> **What the task requires**
Using the records below, write out only the lines from the line containing "Vezeték nélküli lavalier" up to and including the line containing "SAVILAND Nail Polish", exactly, with no pictures.

> **Stored items from a collection**
---

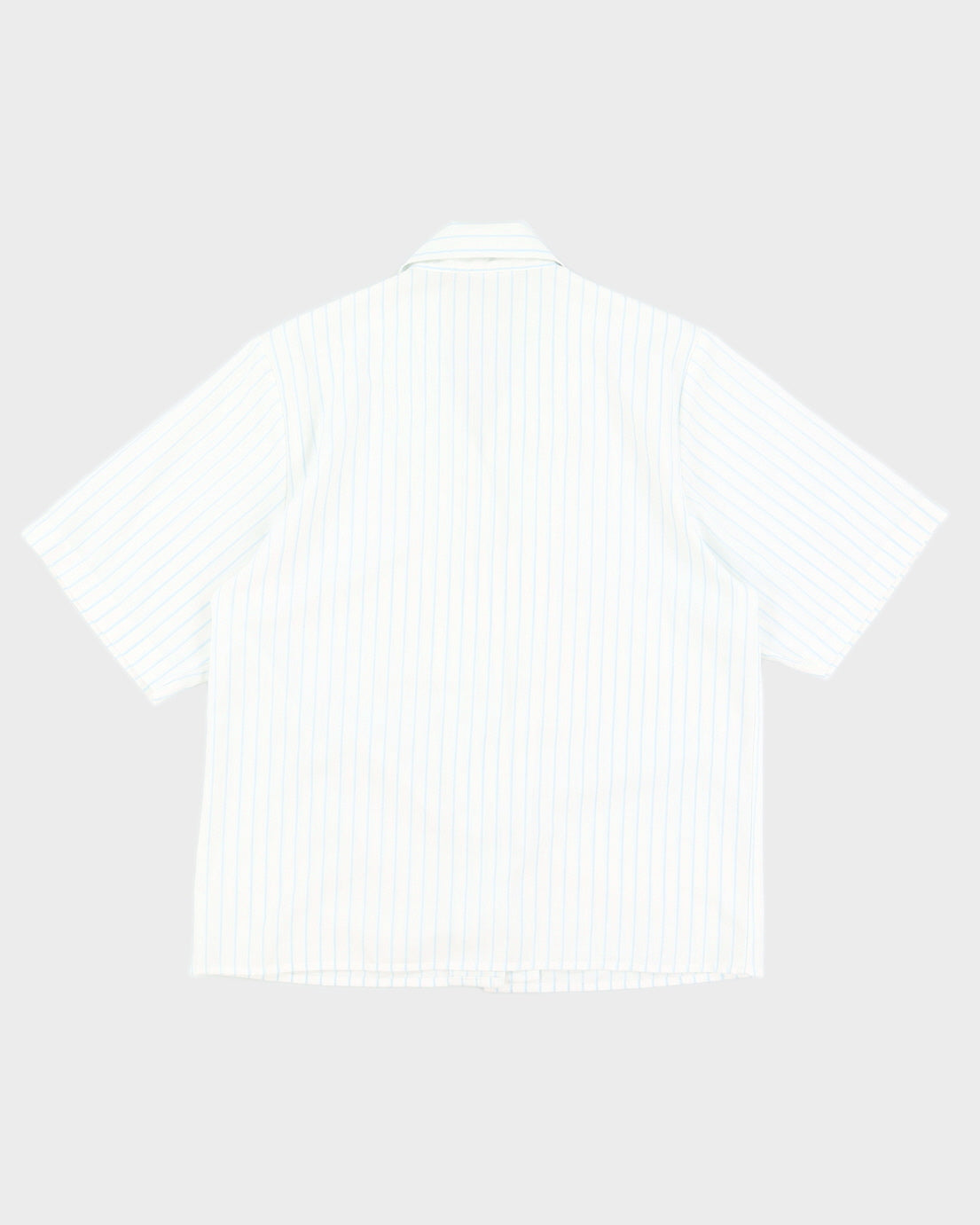 Vintage Blue and White Striped Boxy Shirt - S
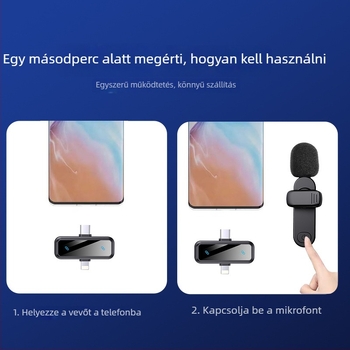 Vezeték nélküli lavalier mikrofon mobil élő közvetítéshez, omnidirekcionális, Bluetooth 5.3, 20 Hz–20 kHz, üzemidő 3–6 óra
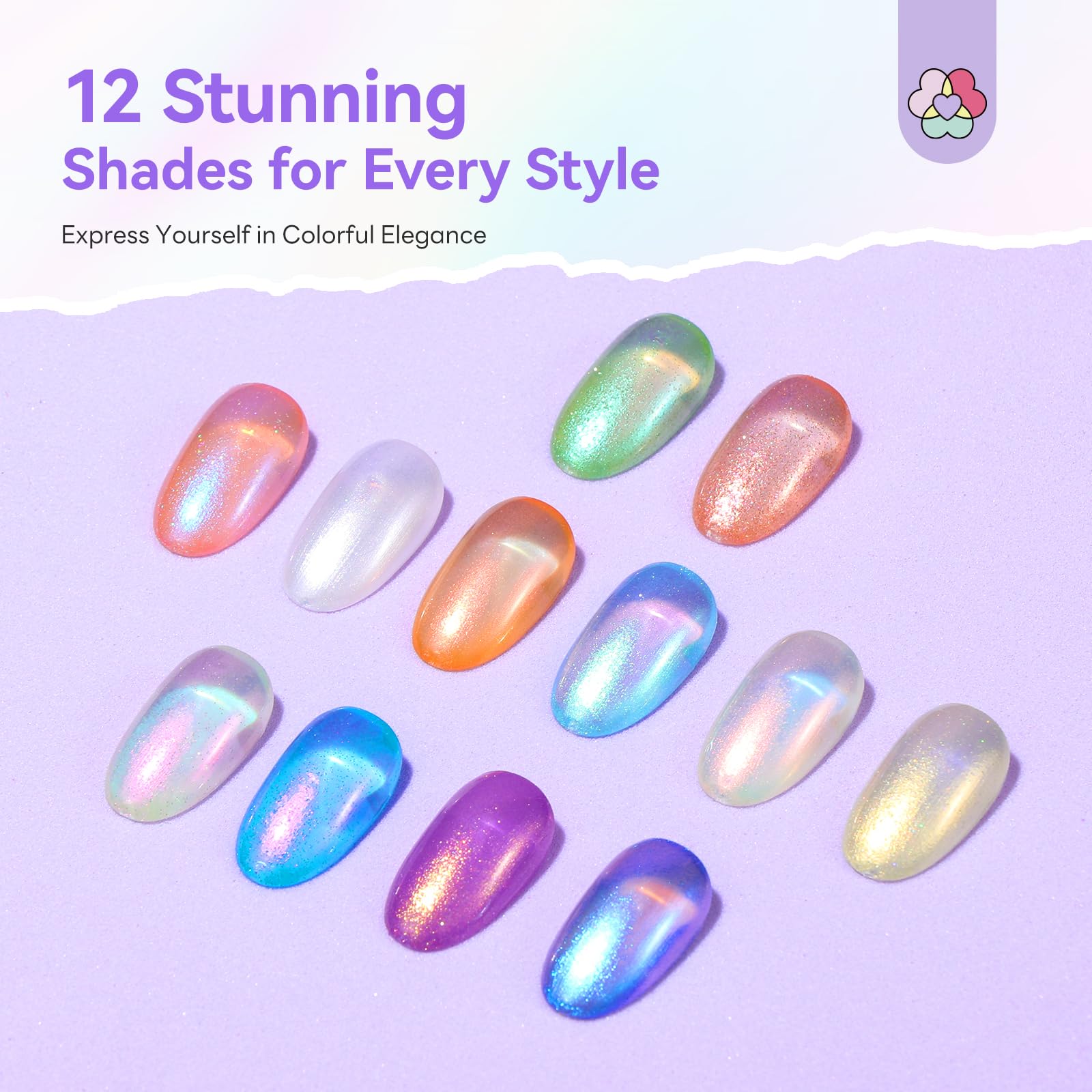 SAVILAND Nail Polish Set - 12-Free Quick Dry Glitter Colors + Mermaid Top Coat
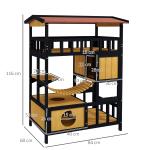 Casa para Gatos de Madeira 84x60x116 cm Abrigo para Gatos de 4 Níveis para Exterior com Ponte Suspensa Varanda Natural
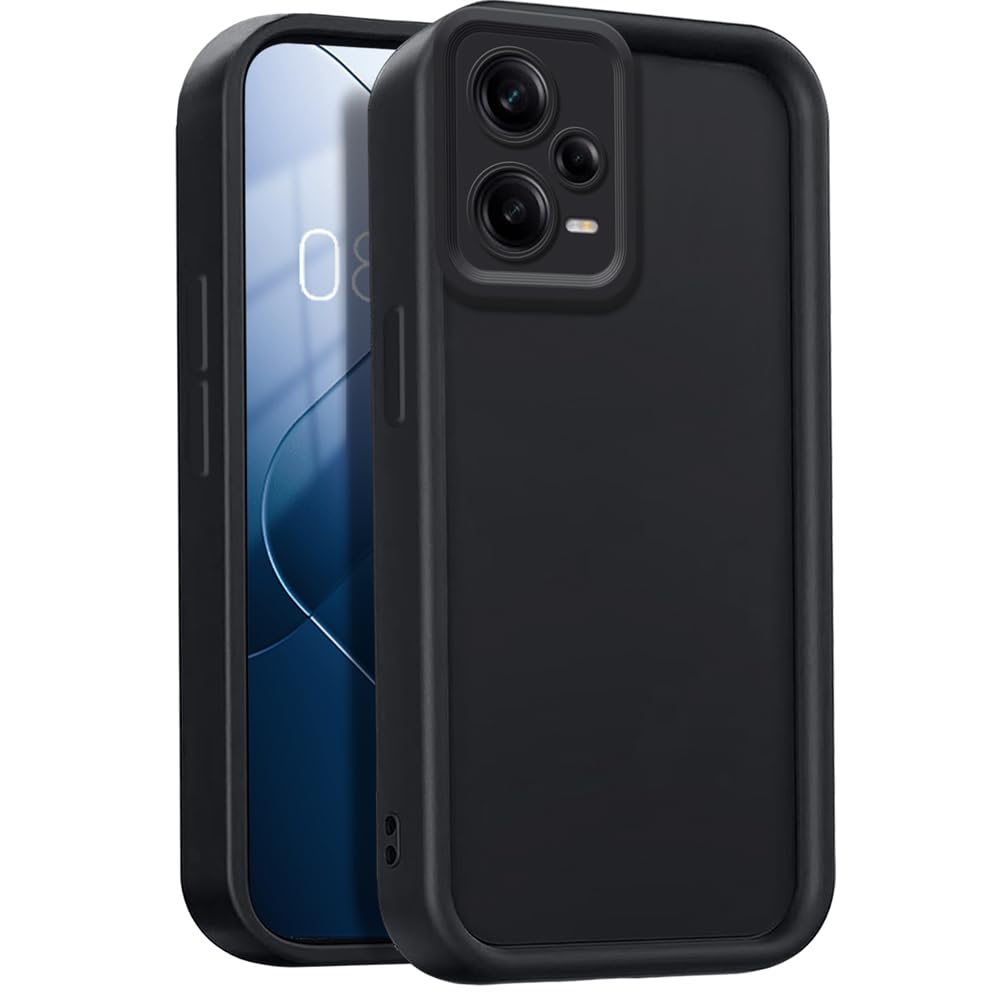 Cover Per Xiaomi Redmi Note 12 Pro 5G | Custodia Morbida In TPU Nero, Antiurto, Bordi Rialzati Per Fotocamera E Schermo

---

> **Answer space**
 Vezeték nélküli lavalier mikrofon mobil élő közvetítéshez, omnidirekcionális, Bluetooth 5.3, 20 Hz–20 kHz, üzemidő 3–6 óra
 SAVILAND Nail Polish Set - 12-Free Quick Dry Glitter Colors + Mermaid Top Coat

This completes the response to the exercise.